It's half term and our friends and their son are staying no more than fifteen miles away from us. Yesterday we arranged to spend the day together and because it was cold and wet we suggested the Lakeland Motor Museum which is under cover, dry, warm, and fascinating to boot.
The five of us spent a good couple of hours crawling all over the cars, fire engines, motorbikes, pedal cars etc and had a whale of a time. Unlike many museums this one constantly updates its exhibits and this time there were new features on the Womens' Land Army, and on a 1930s car showroom complete with 'contemporary' write-ups on the 'brand new' cars and a on-the-road price - of about £200!
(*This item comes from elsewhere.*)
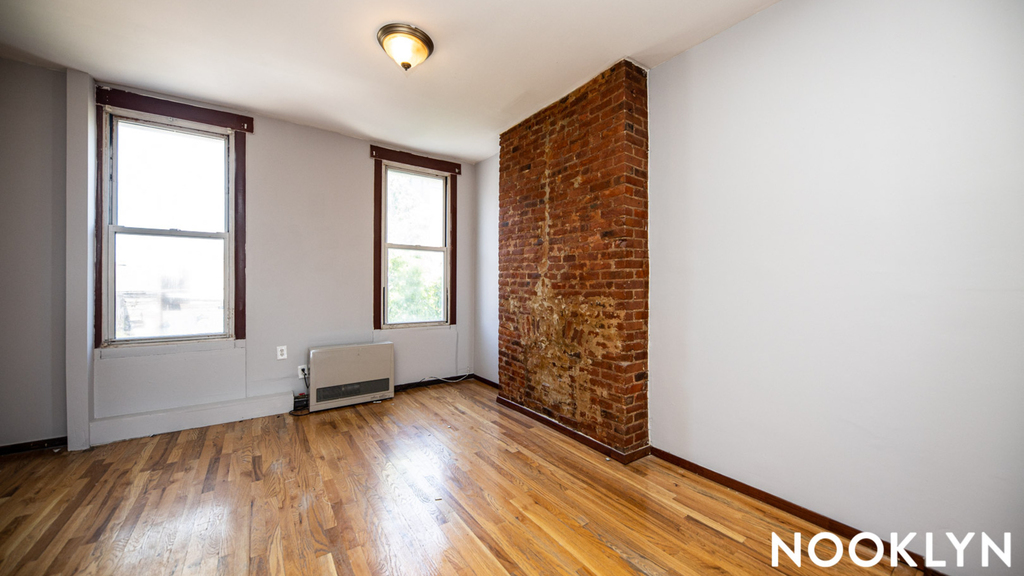 144 Suydam Street - Photo 9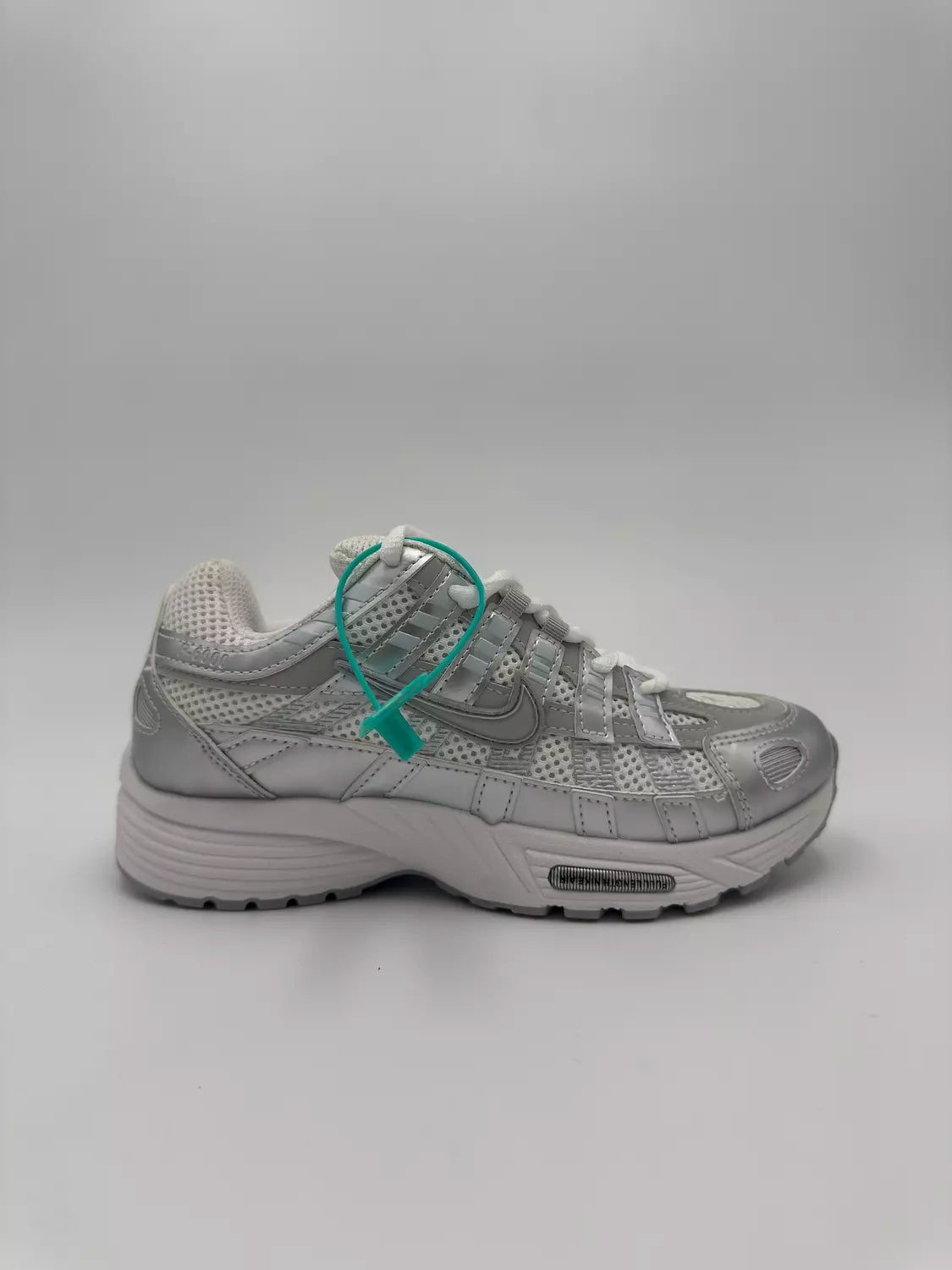 Nike P-6000 Premium Light (iron ore)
As well as all the vehicles and associated stuff (driving fashions through the ages; car themed crockery; motoring posters etc), the museum houses a small but separate section on the making of ultramarine 'blue' for the laundry industry. My Mum still had a little 'bag blue' hidden away under the sink and I suspect many people remember their parents or grandparents using them in the wash. The museum is housed in an old building that used to be a 'blue' factory - in both senses of the phrase since the powder got everywhere, inside and out, and dyed the walls bright blue. You can still see this in places inside as they've left one or two walls untouched to show how it would have looked.
All in all it's a fascinating place to poke round and our friends thoroughly enjoyed the experience. Just as well since the previous day they'd done the Bond Car museum at Keswick which they said was utterly disappointing.